Given material:
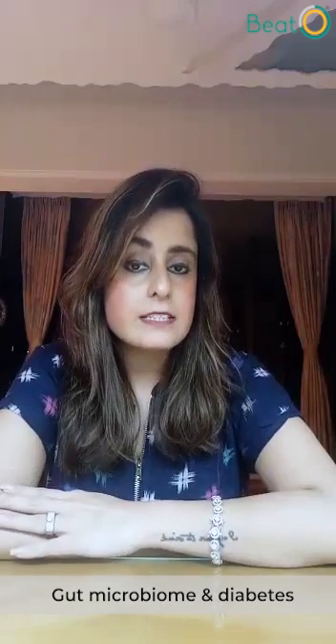Hi, I'm Jamish Talia. I'm an integrative gut microbiome expert and a functional nutritionist, and today I'm here to talk to you about this most amazing connection between the gut microbiome and diabetes.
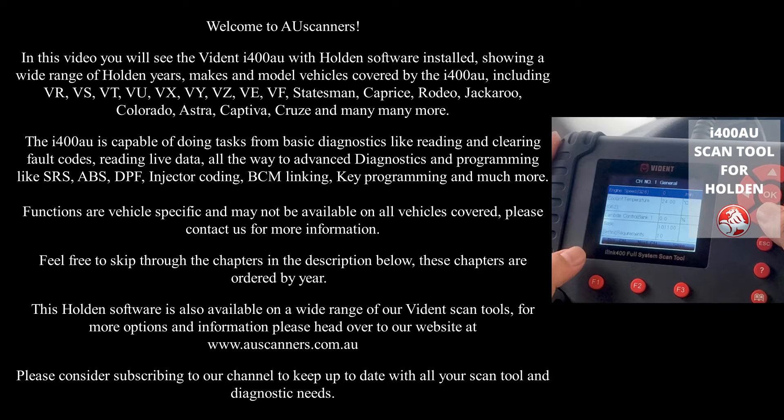This Holden software is also available on a wide range of our Vidant scan tools. For more options and information please head over to our website at www.auscanners.com.au. Please consider subscribing to our channel to keep up to date with all your scan tool and diagnostic needs.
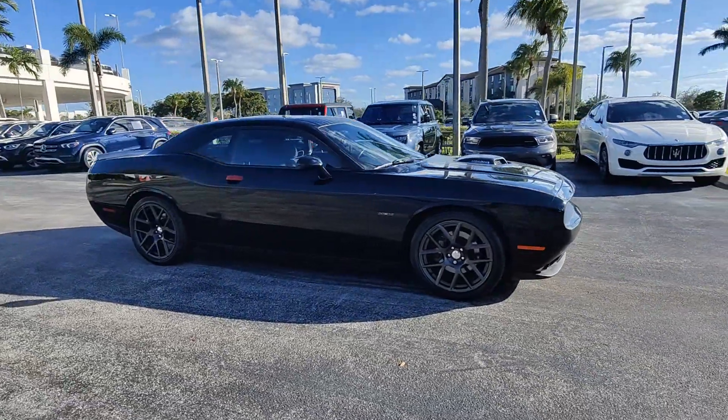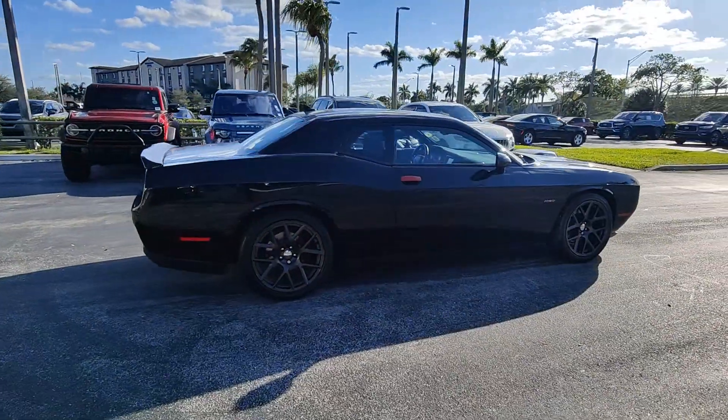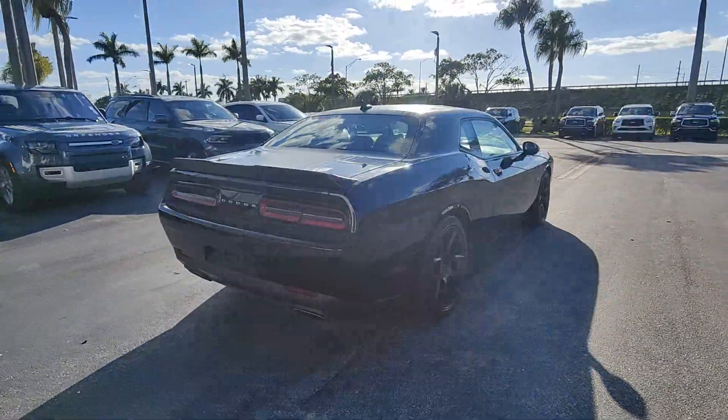You will be amazed by this 2016 Dodge Challenger. This vehicle is an outstanding buy with fewer than 25,000 miles on the odometer.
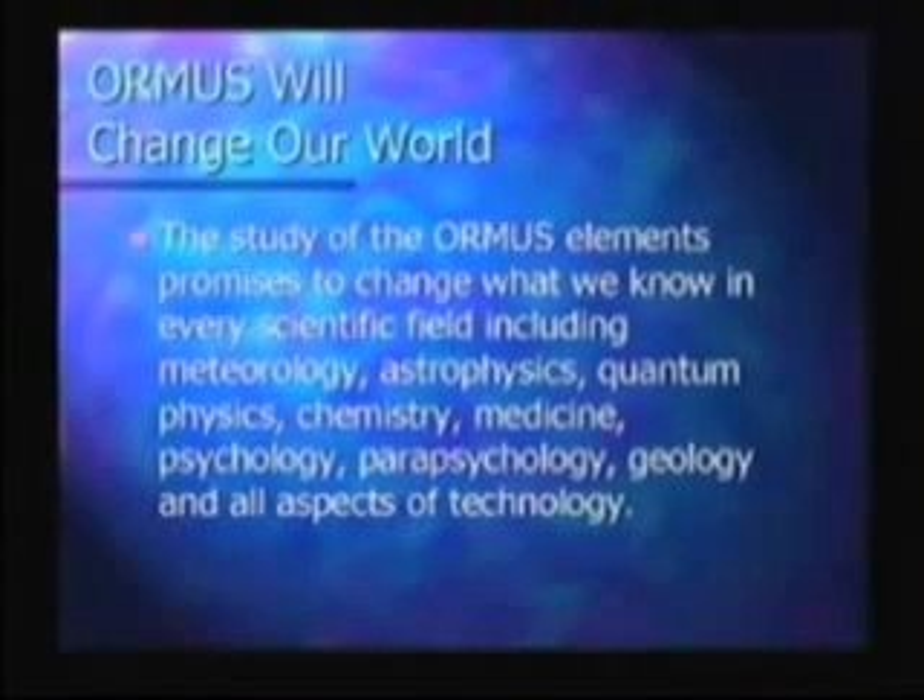Quantum physics — we've been talking a bit about quantum physics in this talk. Chemistry: obviously, if there's a whole bunch of new forms of existing matter, it's going to change the way we understand chemistry. When people synthesize chlorophyll, it's a clear liquid, but everybody knows that chlorophyll is green — we can't synthesize real chlorophyll. There are a lot of chemical components nobody knows what they are; nobody can synthesize sugar, nobody can synthesize chlorophyll. As soon as we figure out what role Ormus plays in these, I think we're going to be able to synthesize a lot more of these chemicals.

Instructions for the task: Would you copy out the material above exactly, without the pictures in it?

Worked solution:
Hi, I'm Jamish Talia. I'm an integrative gut microbiome expert and a functional nutritionist, and today I'm here to talk to you about this most amazing connection between the gut microbiome and diabetes.
This Holden software is also available on a wide range of our Vidant scan tools. For more options and information please head over to our website at www.auscanners.com.au. Please consider subscribing to our channel to keep up to date with all your scan tool and diagnostic needs.
You will be amazed by this 2016 Dodge Challenger. This vehicle is an outstanding buy with fewer than 25,000 miles on the odometer.
Quantum physics — we've been talking a bit about quantum physics in this talk. Chemistry: obviously, if there's a whole bunch of new forms of existing matter, it's going to change the way we understand chemistry. When people synthesize chlorophyll, it's a clear liquid, but everybody knows that chlorophyll is green — we can't synthesize real chlorophyll. There are a lot of chemical components nobody knows what they are; nobody can synthesize sugar, nobody can synthesize chlorophyll. As soon as we figure out what role Ormus plays in these, I think we're going to be able to synthesize a lot more of these chemicals.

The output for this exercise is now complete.